Other Works by R. R McIan
Samuel Carter Hall’s Book of British Ballads (1842)
Robert McIan’s first major commission as an illustrator was to illustrate part of a volume of poetry and song compiled by his friend, the luminary and editor Samuel Carter Hall. Here, McIan was one of a team of illustrations which included his wife, Fanny McIan. The poem which he illustrated, Lord Soulis, concerned a legendary medieval landowner who was said to have employed witchcraft in order to plot against King Robert I. Two of the illustrations which accompanied this ballad were reproduced by Belinda Morse in her biography of Robert and Fanny and give a flavour of McIan’s early work. The first depicts Soulis as a sinister, conspiratorial figure in the manner of nineteenth century melodrama, advised by his scheming jester, Redcap. The final image in the series depicts the ghastly results of Soulis’s hubris. Having been boiled alive in a huge cauldron on the orders of the King, his remains are a feast for birds of prey.
Elizabeth Ogilvy’s Highland Minstrelsy (1846)

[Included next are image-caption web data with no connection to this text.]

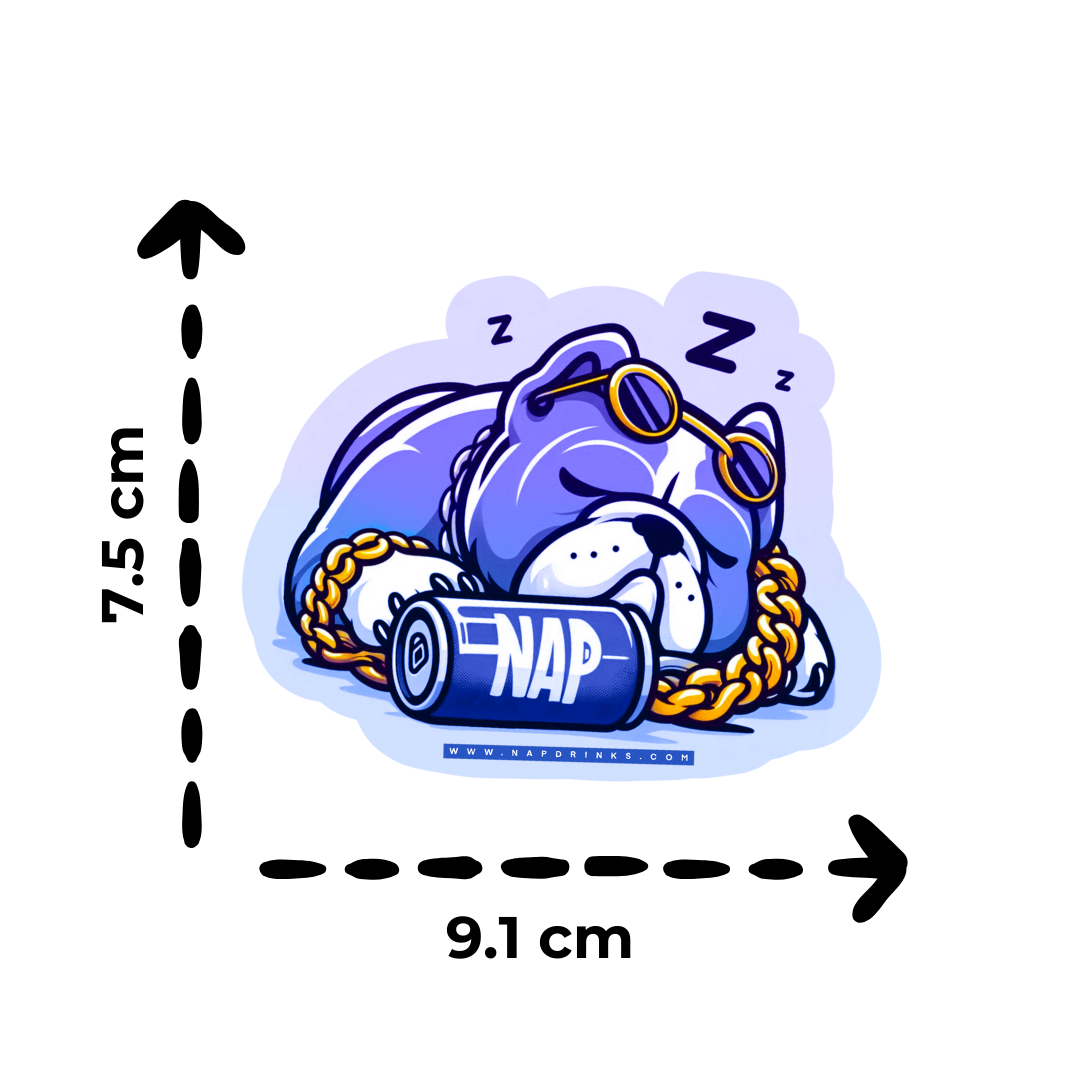 NAP Original Sticker Pack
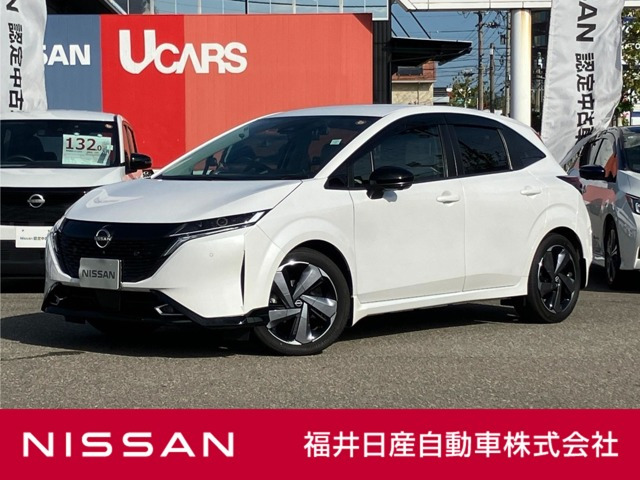 ノートオーラ 1.2 G FOUR レザーエディション 4WD 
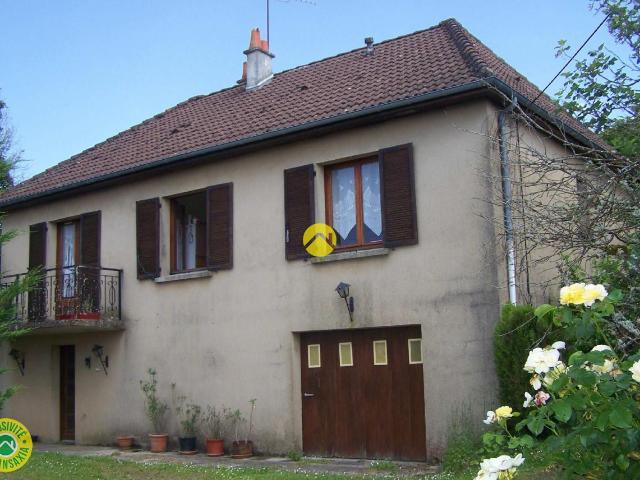 Maison vente à La Châtre, Orsennes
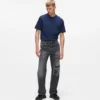 Avslappede jeans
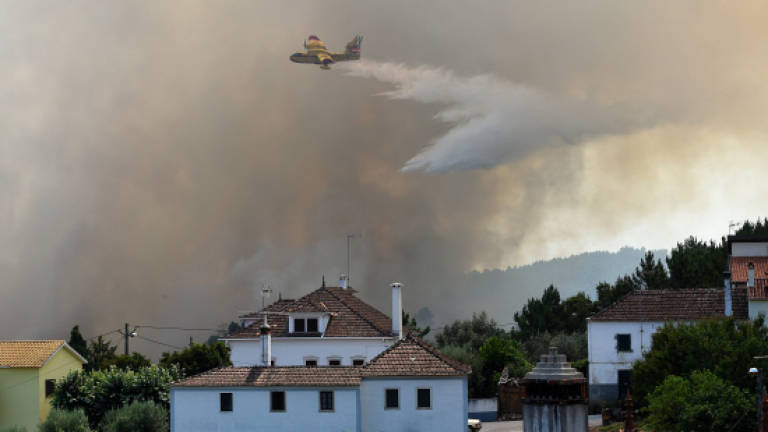 Portugal PM demands answers as deadly forest fires rage
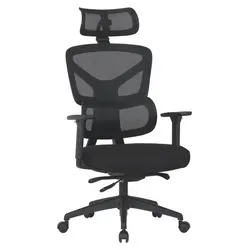 Novel Drehstuhl ROLF - Moderner Bürostuhl in Schwarz - Erleben Sie den Novel Drehstuhl ROLF: stilvoll und funktional. Höhenverstellbar, mit stabiler Konstruktion und komfortabler Sitzbreite von 53 cm – ideal für jeden Arbeitsplatz.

Not strictly speaking a work by McIan, this was in fact a compilation of sentimental poetry on Highland and Jacobite themes by an obscure author, Elizabeth Ann Harris Ogilvy. Like Carter Hall’s ballads, this was aimed at a popular audience and catered to the apparently insatiable demand of the mid-nineteenth century reading public for Highlandism and tartanry, with one contemporary reviewer praising the book as providing an ‘inexhaustible fund of romance’. Details of Ogilvy’s life are scarce, and as Belinda Morse pointed out in 2001, her name does not appear in dictionaries of Scottish literature. McIan’s often emotionally laden illustrations comprise a series of vignettes which accompany key scenes in Ogilvy’s poetry. For example, ‘The Haunted Tarn on the Moor’ depicts the reaction of a woman to seeing the ghastly spectre of a victim of inter-clan warfare, at a remote and picturesque location. McIan also contributed an elaborate frontispiece which depicted a late medieval Highland warrior in repose with a
clàrsach (Celtic harp) surrounded by a border of oak leaves and thistles.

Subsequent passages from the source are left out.